An estimated 70 percent of Zimbabweans are unemployed. Officially, inflation is running at 365 percent a year, but the price rise is really closer to 700 percent once the thriving black market in scarce food and fuel is factored in.

Zimbabwe is plagued by a hunger crisis threatening an estimated 4-million people, nearly one-third of the population. It also is suffering from fuel shortages that have crippled industry and transportation.

The crisis is blamed partly on the state's seizure of thousands of white-owned commercial farms, which were the backbone of the agriculture-based economy. The land was taken for redistribution to blacks, but many of those farms now lie fallow.

Foreign investment and aid have dried up to protest human rights abuses by the government as well as last year's disputed presidential election, which gave President Robert Mugabe another six-year term.
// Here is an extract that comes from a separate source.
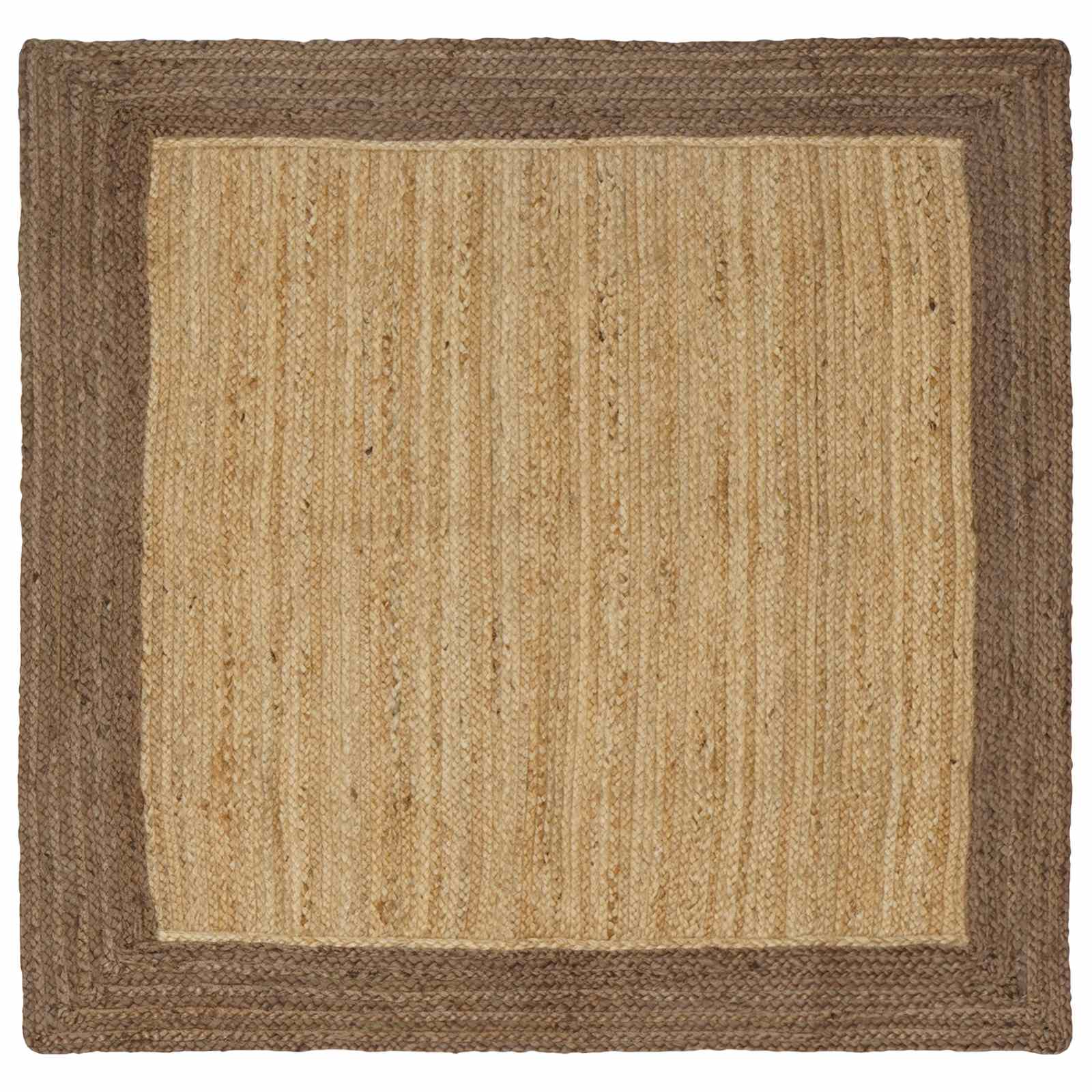 Χαλιά χώρου Ορθογώνιος Φυσικό και Γκρι 120 x 120 cm Γιούτα - Pakobazaar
Mugabe has been president since independence in 1980.

A chronic shortage of dollars and other hard currencies has made it difficult to import needed goods, including the special paper and seals that the central bank uses to print Zimbabwean money.

Even if it had those supplies, the bank said last month, its printing machines would not be able to produce the 1-million notes a day needed to ease the currency shortage.

Finance Minister Herbert Murerwa said Wednesday that the current 500 Zimbabwe dollar note - about 60 cents at the official exchange rate and less than 20 cents at the black market rate - will cease to be legal tender by Sept. 30 and will be replaced with a new bill of the same value.

State radio said Wednesday that the government plans to introduce an even bigger value note, a 1,000-dollar bill that will be the largest denomination and just enough to buy a loaf of bread at current prices.

Meanwhile, many banks are running out of currency as the Zimbabweans with jobs try to cash monthly paychecks. Some banks are rationing customers to 10,000 Zimbabwe dollars. The Consumer Council of Zimbabwe estimates an average urban family needs at least 6,000 a day just to survive.

Long lines outside banks have exploded into violence, with frustrated customers smashing bank windows. Riot police have been used.

Executives at private banks said that for much of July the central bank has supplied them with less than 10 percent of their daily currency needs.

Retailers are desperate for currency. They have traditionally offered a 10 percent discount for cash purchases, but are now giving 25 percent off to customers with currency.

Bars and clubs have begun accepting checks for drinks. But there could soon be a check shortage, too, because banks can't print checks fast enough to meet demand. Where they once issued new checkbooks in 48 hours, they now have monthlong waiting lists.